Infrastructure engineer

Dropsolid runs a multi-tenant Digital Experience Platform on Google Cloud — a PaaS that hosts and operates web projects for our clients. The platform team builds and runs the infrastructure that everything else depends on. We're hiring an Infrastructure Engineer to join that team.

• →

  Own infrastructure-as-code. Extend and refactor a sizeable Ansible codebase that provisions our fleet end-to-end, from GCP network and instance provisioning down to per-service configuration on each host.

• →

  Keep the fleet patched and hardened. OS, packages, and dependencies get patched on a rhythm you help define. You run security audits and apply hardening across the fleet, and you push back when a quick fix is going to bite us in six months.

• →

  Operate production. Investigate incidents, tune the web/database/cache stack for performance, roll out fixes. You're first responder for infra alerts during office hours. Out-of-hours, weekends, and nights are covered by our 24/7 partner — we don't expect you to work odd hours.

• →

  Run incidents properly. Lead the response, write the post-mortem, and follow through on the underlying cause so we don't see the same ticket twice. Keep the runbooks current so the 24/7 partner can act on them without needing to wake you up.

• →

  Ship across layers. Platform features cross infrastructure, application config, and the Ansible playbooks that tie them together. You're comfortable working across those boundaries.

• →

  Improve observability. Build dashboards, queries, and alerts on our Grafana / Loki / Prometheus stack so we hear about problems before our clients do. Track uptime, resource usage, and the recurring noise that usually points to a real underlying problem.

• →

  Make the platform safer and faster. Traffic shielding, WAF rules, capacity tuning, network hardening — you have opinions and the autonomy to act on them.

• →

  Be there for go-lives. Hands-on during client launches, not just on standby.

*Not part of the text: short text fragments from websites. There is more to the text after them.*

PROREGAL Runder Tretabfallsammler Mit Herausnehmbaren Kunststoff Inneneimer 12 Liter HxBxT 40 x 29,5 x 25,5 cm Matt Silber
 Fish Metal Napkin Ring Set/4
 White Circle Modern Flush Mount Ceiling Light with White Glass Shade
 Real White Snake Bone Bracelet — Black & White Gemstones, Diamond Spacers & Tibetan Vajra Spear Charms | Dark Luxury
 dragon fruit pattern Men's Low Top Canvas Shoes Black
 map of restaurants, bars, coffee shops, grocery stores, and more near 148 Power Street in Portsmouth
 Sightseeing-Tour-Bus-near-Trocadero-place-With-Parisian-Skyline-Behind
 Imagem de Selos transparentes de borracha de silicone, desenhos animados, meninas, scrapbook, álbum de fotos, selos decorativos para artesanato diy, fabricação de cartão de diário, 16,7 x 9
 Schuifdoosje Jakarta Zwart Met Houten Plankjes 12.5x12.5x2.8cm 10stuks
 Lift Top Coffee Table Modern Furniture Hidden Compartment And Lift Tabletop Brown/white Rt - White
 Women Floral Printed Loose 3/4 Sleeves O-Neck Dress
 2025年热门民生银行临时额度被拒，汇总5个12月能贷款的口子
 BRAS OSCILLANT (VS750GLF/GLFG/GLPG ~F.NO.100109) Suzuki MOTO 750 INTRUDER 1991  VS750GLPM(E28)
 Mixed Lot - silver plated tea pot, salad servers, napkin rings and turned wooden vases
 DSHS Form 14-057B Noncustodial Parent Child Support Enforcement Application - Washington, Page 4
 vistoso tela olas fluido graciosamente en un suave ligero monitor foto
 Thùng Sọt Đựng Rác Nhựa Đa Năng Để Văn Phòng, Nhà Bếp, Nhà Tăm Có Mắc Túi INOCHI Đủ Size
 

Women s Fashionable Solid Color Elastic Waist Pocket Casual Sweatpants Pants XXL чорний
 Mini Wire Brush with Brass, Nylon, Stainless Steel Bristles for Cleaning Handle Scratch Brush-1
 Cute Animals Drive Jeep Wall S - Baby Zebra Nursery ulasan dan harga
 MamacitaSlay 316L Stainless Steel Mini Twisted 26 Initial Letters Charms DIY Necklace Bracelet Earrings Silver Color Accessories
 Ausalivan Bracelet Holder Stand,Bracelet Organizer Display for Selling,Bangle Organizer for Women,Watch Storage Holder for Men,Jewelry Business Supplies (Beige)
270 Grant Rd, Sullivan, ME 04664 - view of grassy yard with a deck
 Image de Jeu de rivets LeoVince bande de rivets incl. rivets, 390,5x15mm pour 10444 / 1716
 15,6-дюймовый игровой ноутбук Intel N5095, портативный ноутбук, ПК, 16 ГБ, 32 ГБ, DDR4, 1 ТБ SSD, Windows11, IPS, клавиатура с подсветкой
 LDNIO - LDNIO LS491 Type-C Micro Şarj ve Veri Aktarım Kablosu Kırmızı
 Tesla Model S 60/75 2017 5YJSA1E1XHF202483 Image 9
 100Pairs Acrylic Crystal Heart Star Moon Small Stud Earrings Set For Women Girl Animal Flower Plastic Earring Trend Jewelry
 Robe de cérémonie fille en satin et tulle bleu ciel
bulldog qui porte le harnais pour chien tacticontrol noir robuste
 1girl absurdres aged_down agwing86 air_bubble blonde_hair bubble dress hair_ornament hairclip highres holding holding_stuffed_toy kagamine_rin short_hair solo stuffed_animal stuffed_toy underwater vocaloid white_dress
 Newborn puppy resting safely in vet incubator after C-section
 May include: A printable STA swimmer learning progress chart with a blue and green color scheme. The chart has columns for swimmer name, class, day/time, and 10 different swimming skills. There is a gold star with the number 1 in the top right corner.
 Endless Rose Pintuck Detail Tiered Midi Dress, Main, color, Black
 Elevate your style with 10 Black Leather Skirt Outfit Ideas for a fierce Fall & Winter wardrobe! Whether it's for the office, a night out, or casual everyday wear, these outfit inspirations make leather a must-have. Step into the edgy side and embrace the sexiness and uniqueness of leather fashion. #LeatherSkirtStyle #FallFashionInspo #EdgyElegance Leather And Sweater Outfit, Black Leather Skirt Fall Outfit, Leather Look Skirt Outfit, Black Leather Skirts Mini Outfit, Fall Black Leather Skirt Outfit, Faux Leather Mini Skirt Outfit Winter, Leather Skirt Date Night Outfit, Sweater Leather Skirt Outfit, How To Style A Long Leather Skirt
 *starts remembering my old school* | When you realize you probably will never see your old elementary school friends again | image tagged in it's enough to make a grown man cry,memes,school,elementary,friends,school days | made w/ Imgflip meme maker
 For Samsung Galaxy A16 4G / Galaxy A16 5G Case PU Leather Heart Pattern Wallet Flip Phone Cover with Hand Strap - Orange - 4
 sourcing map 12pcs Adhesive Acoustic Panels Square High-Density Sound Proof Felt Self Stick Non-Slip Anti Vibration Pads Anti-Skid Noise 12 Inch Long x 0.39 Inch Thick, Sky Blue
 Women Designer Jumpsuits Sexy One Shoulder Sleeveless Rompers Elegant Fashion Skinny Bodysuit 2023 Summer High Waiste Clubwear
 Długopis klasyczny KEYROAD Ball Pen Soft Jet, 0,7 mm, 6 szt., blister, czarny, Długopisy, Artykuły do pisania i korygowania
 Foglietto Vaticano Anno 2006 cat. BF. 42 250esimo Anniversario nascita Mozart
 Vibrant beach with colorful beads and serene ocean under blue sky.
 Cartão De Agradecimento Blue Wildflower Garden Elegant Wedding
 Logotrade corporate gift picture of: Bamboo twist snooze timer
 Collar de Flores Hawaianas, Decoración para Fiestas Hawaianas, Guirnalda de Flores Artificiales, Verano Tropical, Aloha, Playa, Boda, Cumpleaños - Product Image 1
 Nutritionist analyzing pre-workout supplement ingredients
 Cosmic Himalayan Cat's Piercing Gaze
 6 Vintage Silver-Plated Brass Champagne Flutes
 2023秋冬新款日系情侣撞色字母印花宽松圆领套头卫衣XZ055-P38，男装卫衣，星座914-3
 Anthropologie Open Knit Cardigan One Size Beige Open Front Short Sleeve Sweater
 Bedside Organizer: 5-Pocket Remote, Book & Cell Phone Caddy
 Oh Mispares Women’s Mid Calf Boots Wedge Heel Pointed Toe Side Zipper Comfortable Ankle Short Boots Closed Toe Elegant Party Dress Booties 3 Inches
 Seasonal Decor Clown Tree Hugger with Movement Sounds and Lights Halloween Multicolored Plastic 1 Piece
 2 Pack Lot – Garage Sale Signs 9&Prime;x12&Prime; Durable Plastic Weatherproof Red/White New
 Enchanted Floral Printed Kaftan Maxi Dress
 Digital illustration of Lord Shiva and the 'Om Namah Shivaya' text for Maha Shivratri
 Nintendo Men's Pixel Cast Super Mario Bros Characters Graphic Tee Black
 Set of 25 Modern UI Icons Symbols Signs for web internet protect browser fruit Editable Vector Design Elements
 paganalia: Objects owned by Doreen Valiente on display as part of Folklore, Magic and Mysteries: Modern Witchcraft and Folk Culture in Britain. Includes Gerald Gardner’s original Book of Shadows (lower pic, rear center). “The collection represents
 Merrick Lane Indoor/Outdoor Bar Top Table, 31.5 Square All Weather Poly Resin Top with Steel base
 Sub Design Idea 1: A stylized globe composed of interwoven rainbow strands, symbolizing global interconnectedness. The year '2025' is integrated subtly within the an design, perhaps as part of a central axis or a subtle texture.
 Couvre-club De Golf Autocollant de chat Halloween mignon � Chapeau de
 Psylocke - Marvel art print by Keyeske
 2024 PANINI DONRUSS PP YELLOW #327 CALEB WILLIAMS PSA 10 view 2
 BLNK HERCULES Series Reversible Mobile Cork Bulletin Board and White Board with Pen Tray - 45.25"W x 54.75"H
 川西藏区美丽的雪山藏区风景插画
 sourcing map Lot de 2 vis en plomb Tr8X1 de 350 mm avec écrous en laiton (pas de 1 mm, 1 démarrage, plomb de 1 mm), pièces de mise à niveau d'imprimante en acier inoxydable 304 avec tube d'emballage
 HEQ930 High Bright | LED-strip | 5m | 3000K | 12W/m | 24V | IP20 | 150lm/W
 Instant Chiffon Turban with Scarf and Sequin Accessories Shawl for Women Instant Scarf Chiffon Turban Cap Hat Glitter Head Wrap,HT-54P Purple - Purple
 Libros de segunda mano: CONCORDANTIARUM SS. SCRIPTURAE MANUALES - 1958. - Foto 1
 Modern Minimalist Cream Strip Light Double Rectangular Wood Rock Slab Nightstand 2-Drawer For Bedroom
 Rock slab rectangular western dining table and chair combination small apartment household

• 4+ years operating Linux in production (Debian/Ubuntu family). You've debugged a real outage at 2am and you know what to grep for. Comfortable across the web stack layers: reverse proxy, application server, database, cache.

• Strong infrastructure-as-code discipline, Ansible preferred. Not "I've written a playbook" but "I've designed role hierarchies others can build on, and I know when not to reach for automation."

• Networking fundamentals you can reason from first principles: VPCs, subnets, CIDR, DNS, TLS, reverse proxies.

• A working sense of production security — patch latency, attack surface, what a misconfigured WAF rule actually does when traffic hits it.

• An observability mindset. You reach for metrics and logs before SSH.

• Plain language communication. We document what we learn and expect engineers to update docs when the system changes.

• GCP experience or certification (Associate Cloud Engineer / Professional Cloud Architect). Our platform runs on GCP, and fluent operators are force multipliers.

• Working knowledge of PHP/Drupal or Python — our application tier is Drupal/PHP with a Python worker layer, so being able to read and patch either is a real plus.

• Experience operating PHP / Drupal hosting at scale (PHP-FPM tuning, Varnish, MySQL ops).

• Message queue operational experience (RabbitMQ or comparable AMQP broker).

• Secrets management (Hashicorp Vault or equivalent).

• A real opinion about CI/CD pipeline design.

Small, senior, autonomous team. We commit often, deploy often, document what we learn, and we expect engineers to investigate root causes rather than work around symptoms. We push back on bad patterns and welcome having ours pushed back on. AI-assisted workflows are a plus, never a substitute for engineering judgment.

We don't do nightly pager duty. Out-of-hours coverage is handled by a 24/7 partner, so what you take on is what fits inside a normal working week.

Fully remote within the European Economic Area. We can also hire from countries outside the EEA that have a current Adequacy Decision from the European Commission — if you're unsure whether yours qualifies, ask and we'll check.